Meyers was nominated for a Grammy on November 28 for his work on “Humble,” in the Best Music Video category. The Grammys will be held on January 28.
Meyers, who grew up in Berkeley, started making music videos while in high school. The first video he shot was for Slick Rick’s “Children’s Story.” His friend acted out the story while Meyers did the camerawork.
Meyers moved to Los Angeles in 1990 to attend Loyola Marymount University, where he studied film production. After graduating he worked as a production assistant, but what he really wanted to do was direct.

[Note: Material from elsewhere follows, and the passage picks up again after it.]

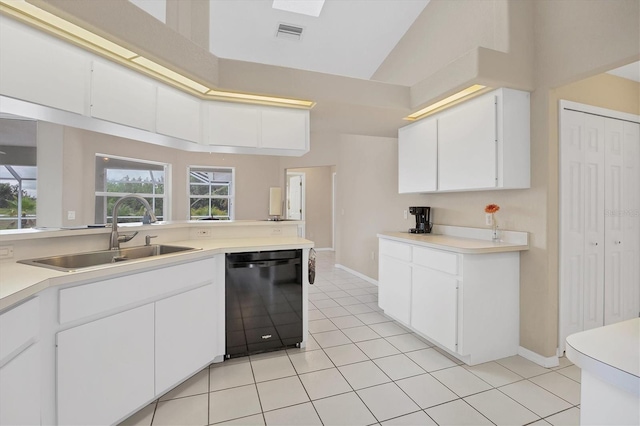 102 Marker Rd, Rotonda West, FL 33947 - kitchen featuring black dishwasher, light countertops, light tile patterned flooring, white cabinetry, and high vaulted ceiling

A chance meeting with Good Will Hunting director Gus Van Sant was just the inspiration Meyers needed.
“I ran into Gus Van Sant and he was just finishing a movie To Die For ,” Meyers said. “He was also doing music videos. He told me to practice doing movies through videos.”
Meyers sent out a reel that included his Slick Rick video from high school and was approached by rapper Coolio’s manager.

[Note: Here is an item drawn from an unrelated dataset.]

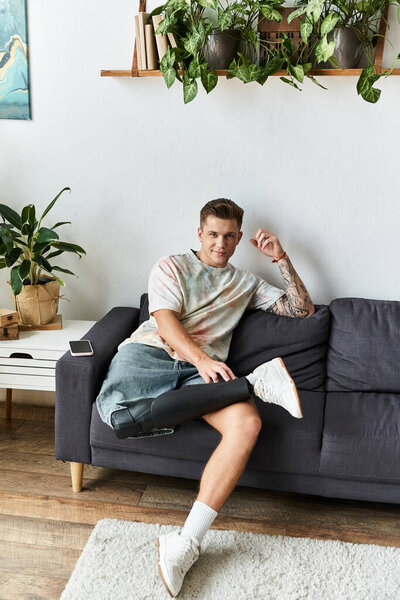 Красивый молодой человек наслаждается моментом отдыха на уютном диване в окружении растений и солнечного света.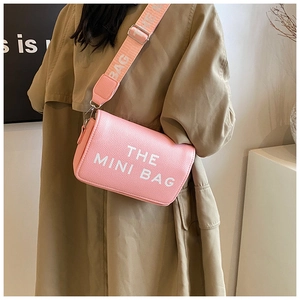 Detail of pink crossbody bag with THE MINI BAG text and stylish woven shoulder strap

“The video I did in high school I put on my reel and that got attention,” he said. “I got Coolio’s manager at the time [who said], ‘We have to give him a job.’”
Meyers’ first video was WhoRidas “Shot Callin’ & Big Ballin’” (1996). “My second video was the Coolio’s manager video, even though I officially ‘got’ that video before the first,” he said.
Since then Meyers has directed hundreds of music videos, working with artists ranging from Janet Jackson to Jay Z to Britney Spears.
When Meyers began his career, music videos were made for MTV.
“The MTV generation was a generation of fitting in,” Meyers said. “Most artists wanted what the other guy was doing [so] videos had a homogeny to them.”
Then, in 2005, YouTube burst on the scene and changed everything.
“YouTube brought about the democratization of all things,” Meyers said. Now anyone could make a video that might get millions of views at a much lower price.
“There was an adjustment period,” Meyers said. “The first wave was a complete crash of the budgets [because] a $10,000 video could get 10 million views.”
While the music industry sorted itself out, Meyers started directing commercials, including the famous Apple iPod commercial featuring a solid black figure holding a white iPod with headphones dancing against a brightly colored background.
Meyers has found that commercials are not as appreciated as music videos. “They’re kind of an invisible medium. Even me, who works in commercials, will fast forward through commercials,” he said. “Commercials are meaningful in the commercial world.”
Despite getting lots of commercial work, Meyers found he couldn’t stay away from videos. As he puts it, “They were always my calling card.”
When he reentered the music video world, everything had changed. “The MTV days were about fitting in, and now it’s about standing out,” Meyers said.
It now takes him longer to create a video. Instead of 40 music videos a year, he’s down to 10. “The intention is there from the start to do something special and different. That requires a heck of a lot more prep time than the last decade. I used to write a page of text and I’d get the job. Now I have 14 to 20 pages.”
Although Meyers is mostly only credited as the director for these videos, he says he is much more than just director. “All in all, it’s pretty much just me. You only get celebrated as a director. I spend three to four weeks writing, sometimes with a staff of writers, to really procure a vision.”
He also has to take into account the artist’s vision for the video, although that level of involvement depends on the artist.
“Sometimes the artist, like Kendrick [Lamar], has instincts and ideas. Missy [Elliott] and André [3000 from Outkast] were like that,” Meyers said. “There are artists who offer up where they want to go [and] there are other artists who like to be taken on a ride.”
The final decision and its consequences lie with Meyers. “Ultimately when it comes down on the day, making the vision hot, that responsibility is pretty much mine,” he said. “I won’t let the artist convince me of something that sounds terrible.”
Meyers moved to the Palisades eight years ago when he married his wife, Nancy, who works as a federal law clerk. She “wanted to have a more family-friendly neighborhood.”
The couple has three children, the oldest of whom graduated in June from Palisades Charter High School and attends college in Atlanta. His younger kids are in third grade and kindergarten at Palisades Elementary.
Along with music videos and commercials, Meyers also directed the 2007 film The Hitcher, and hopes to do more film work in the future.
He recently shot a music video with Camila Cabello for her single, “Havana,” and another with Maroon 5. In between, he shot commercials for Google and Norwegian Cruises. “There’s a couple of exciting ones coming up I can’t tell you about yet,” he added.
Meyers enjoys his work: “It’s nice to build those relationships and go on those adventures.”